Work has started on the controversial toll plaza on Chapmans Peak Drive, despite continued protests and objections by some groups and residents. Photo: David Ritchie

Construction on the new toll plaza on Chapman’s Peak Drive has begun, and Transport and Public Works MEC Robin Carlisle says he expects it to be operational by Easter next year.

Work on the highly controversial project began on Monday despite numerous protests by various groups and residents.

The Hout Bay Residents’ Association met its lawyers late on Monday to discuss possible interdict action.

Chairman Len Swimmer confirmed they had discussed the matter with their attorneys and senior and junior counsel and were now waiting for their opinion.

“There’s a lot to take into consideration and we need more certainty. It’s a very tricky situation – that’s the reality,” he said Tuesday morning.

“They (the province) are going to throw everything at us in their defence and they have no shortage of taxpayers’ money.”

Some residents made a last-minute appeal to Western Cape Premier Helen Zille to stop the work, but Carlisle said concession holder Entilini had been given the go-ahead last week.

“We had expected construction to have started as soon as the construction holiday was over, but there were legal issues to address,” he said.

The Civil Rights Action Group (Crag), one of the groups opposing the toll plaza, held a press conference at Chapman’s Peak on Monday, accusing the province of refusing to meet it.

Crag co-ordinator Terry Wyner said they wanted the province to explain the need for a tolling system and office space on the mountain, and to explain why it was “rushing”.

“We are dead against having to pay to walk on the mountain. If tolling is really necessary why are they using 20- to 30-year-old technology that will affect the mountain badly?” he asked.

Carlisle dismissed the group’s objections and its claims that he had refused to meet them.

“We’re always happy to talk to anyone.”

He insisted on Monday that everyone would still have access to the mountain and that the free day pass would remain.

“If you are on a bicycle, or walking, you can walk where you will, but you may not walk from the top of Chappies downwards because it’s very dangerous.

“If you wish to picnic or climb anywhere on Hout Bay side, now and in the future, you will get a day pass which costs you nothing,” Carlisle said.

In an e-mail on Monday, Crag appeared to be resigned to construction of the toll plaza.

“After many, many years of battle, it looks as though the public’s fight to save the natural beauty of Chapman’s Peak Drive is about to be defeated... Please help us expose this act of gross bureaucratic power gone wrong.”

The group appealed to Zille to intervene “in a last-ditch effort to get the provincial government of the Western Cape to see sanity prevail”.
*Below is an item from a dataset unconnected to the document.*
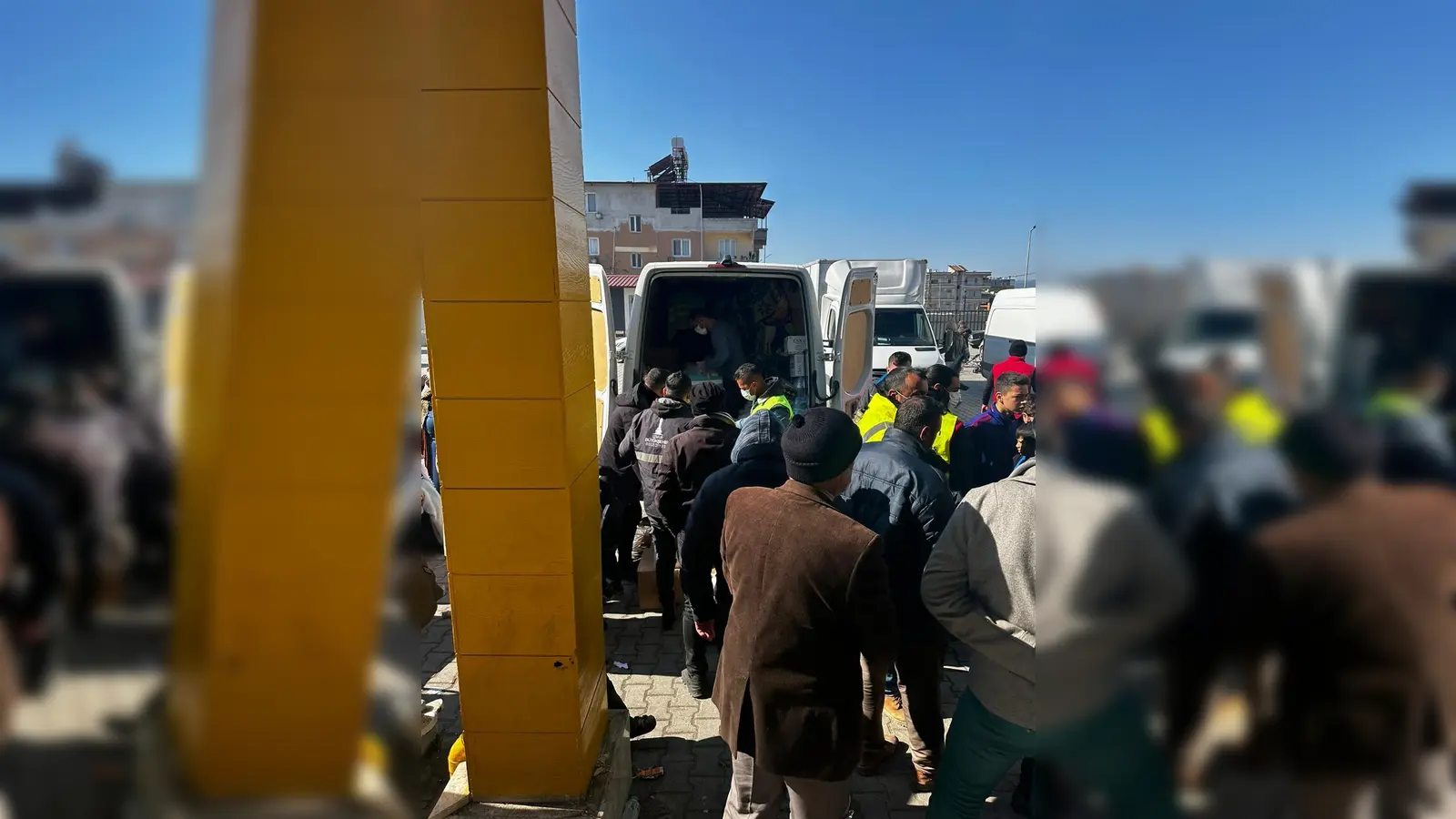 <b></b>Über 32 Tonnen Hilfsgüter<b></b> haben die Mitglieder des Transports aus Aichach ins Erdbebengebiet in der Türkei gebracht. (Foto: Tolga Buldu)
Meanwhile, prominent anti-toll road campaigner Keith Fawcett has accused Zille of “misleading the public” and of “not applying her mind” in a statement that she had made last week defending the project.
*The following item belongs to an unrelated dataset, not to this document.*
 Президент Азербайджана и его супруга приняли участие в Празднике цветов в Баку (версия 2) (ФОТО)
Fawcett, who has monitored the project from the outset and accumulated a wealth of documentation – including contracts and some traffic figures – sent out a detailed rebuttal of points in Zille’s response document.
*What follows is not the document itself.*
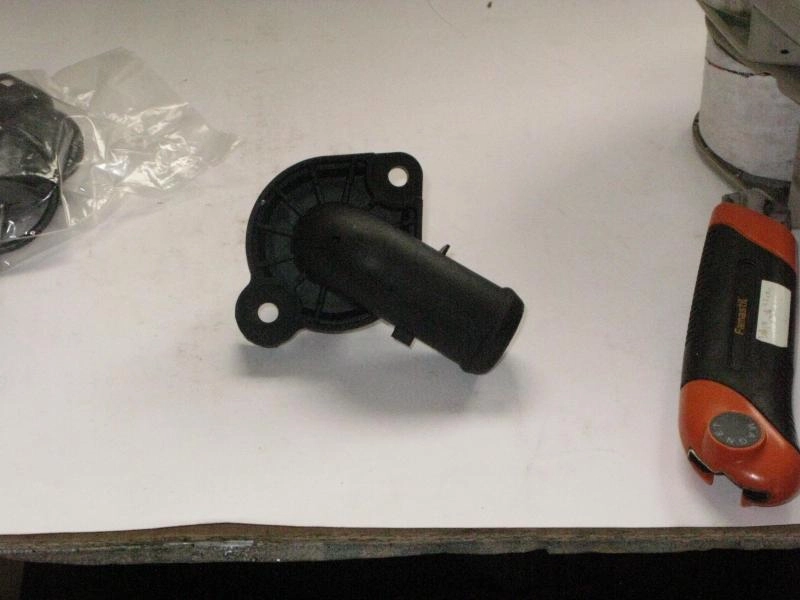 CARCAÇA/FLANGE PLÁSTICA COM VÁLVULA TERMOSTÁTICA CAVALETE ÁGUA VW GOL/VOYAGE/SAVEIRO 09/ FOX 03/ POLO 10/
He noted Zille’s comments that the EIA (environmental impact assessment), approved on appeal by the then minister of Environmental Affairs an Tourism Marthinus van Schalkwyk, had “considered all three possible locations for the control centre, which were all within what is now Table Mountain National Park”.

But Fawcett said the current proposed toll plaza had never been part of the EIA and public participation process, and that the first “fully public” sight of the plans and concept drawings had been on January 22 this year.

“It is most unfortunate that the Ministry of Transport and Public Works chose to use the 2003 site plan and cross-section of a five-lane toll plaza which was not part of either Records of Decision for this project,” he said.

In her response document, Zille said toll road operator Entilini had confirmed that it had not refused to release recent traffic data for Chapman’s Peak Drive, and that requests for data could also be submitted through Carlisle’s ministry.

But Fawcett, who was previously threatened with legal action by the province – when it was still an ANC-led administration – if he revealed toll traffic data, said Zille’s statement was “completely incorrect”. He provided correspondence to back his argument.

“There is absolutely no doubt that (this) correspondence conclusively proves that Entilini has refused to release recent traffic data as requested by (me).”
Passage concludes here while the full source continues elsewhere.